About Methods for Classifying Hidden Language Concepts in Specialized Texts Involving Pseudoinverse, Clustering and Data Grouping
This paper discusses the problems of analysis of hidden language concepts in scientific texts in the Ukrainian language, using methods of text mining, dimensionality reduction, grouping of features and linear classifiers.
A corpus of scientific texts and dictionaries, as well as stop words and affixes, has been formed for processing specialized texts. The resulting texts were analyzed and converted into text frequency-inverse document frequency (TF-IDF) feature representation. In order to process the feature vector, we propose to use methods of dimensionality rteduction of the data, in particular, the algorithm for the synthesis of linear systems and Karunen – Loeve transform and grouping of features: T-stochastic grouping of nearest neighbors (T-SNE).
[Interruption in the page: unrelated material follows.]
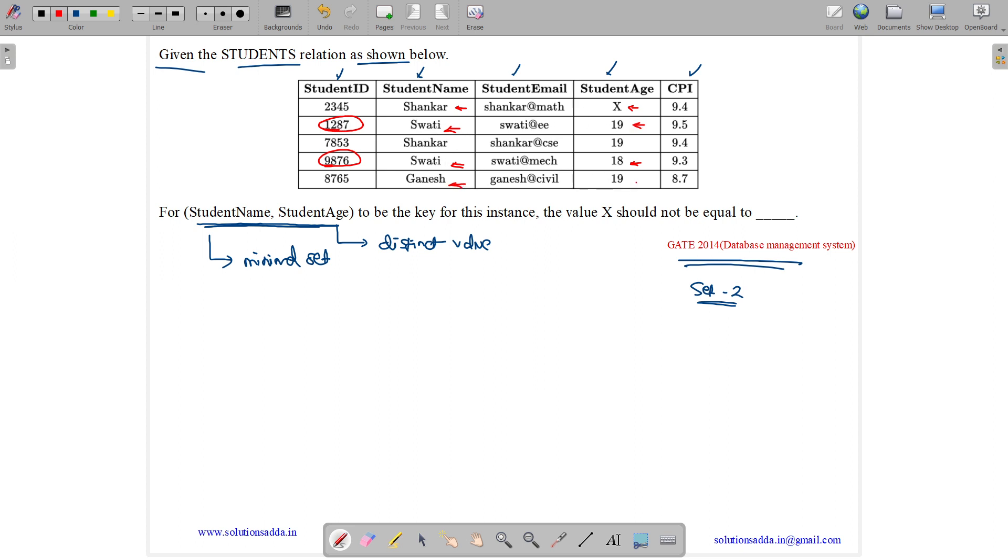Ganesh is unique - only Swati and Shankar appear twice. We have Shankar 19, so x shouldn't be equal to 19.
A series of experiments were performed on test examples, in particular, for the determination of informational density in the text and classification by keywords in specialized texts using the method of random samples consensus (RANSAC). A method of classification of hidden language concepts was proposed, making use of clustering methods (K-means). As a result of the experiment, the structure of the classifier of hidden language concepts was obtained in structured texts was obtained, which gained a relatively high recognition accuracy (97 – 99 %) using such linear classification algorithms: decision trees and extreme gradient boost machine. The stability of the proposed method is investigated by using the perturbation of the original data by a variational autoencoder, test runs shown that sparse autocoder reduces the mean square error, but the separation band decreases, which affects the convergence of the classification algorithm.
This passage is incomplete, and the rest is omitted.